-- Opening Marker --
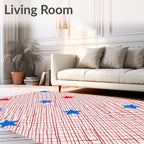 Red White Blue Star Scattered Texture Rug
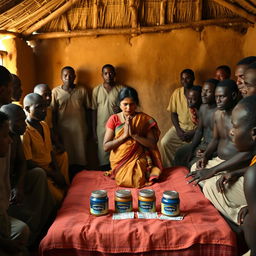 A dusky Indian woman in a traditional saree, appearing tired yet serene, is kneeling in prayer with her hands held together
-- Closing Marker --
-- Opening Marker --
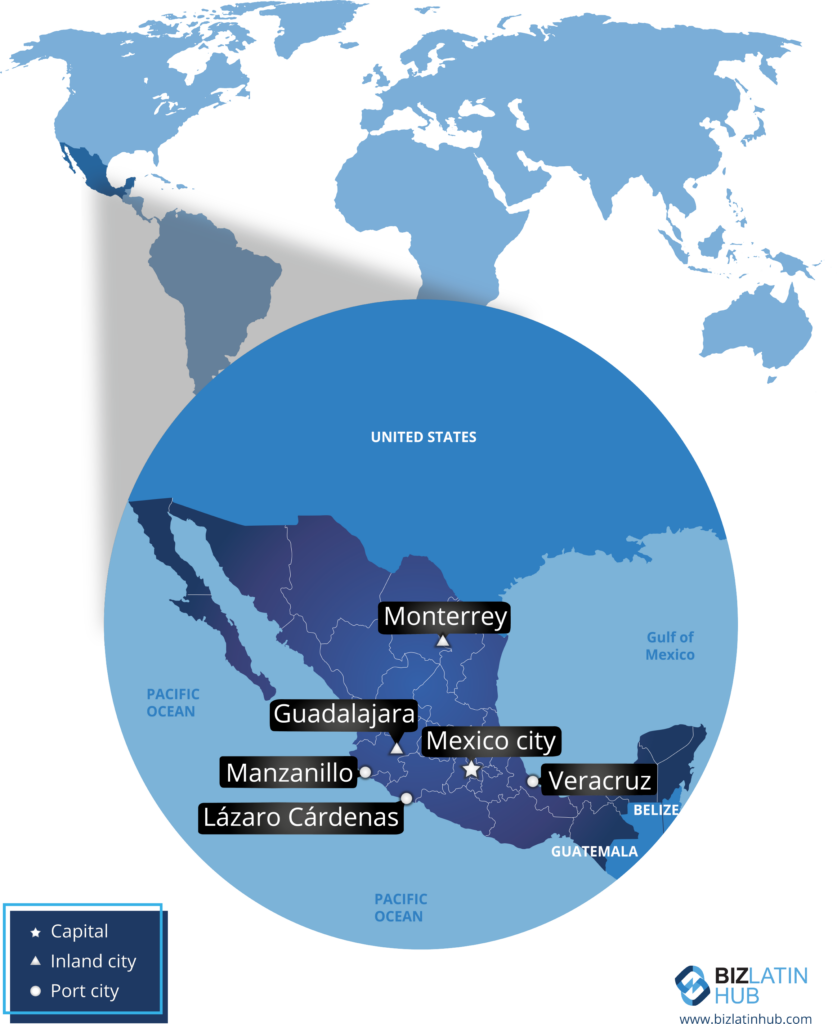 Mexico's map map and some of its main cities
-- Closing Marker --
[Work order]:
In the entries above, find the line containing "Red White Blue Star Scattered Texture Rug" and the line containing "A dusky Indian"; give again exactly those two lines and every line between them, minus the pictures.

[Solution for this task]:
 Red White Blue Star Scattered Texture Rug
 A dusky Indian woman in a traditional saree, appearing tired yet serene, is kneeling in prayer with her hands held together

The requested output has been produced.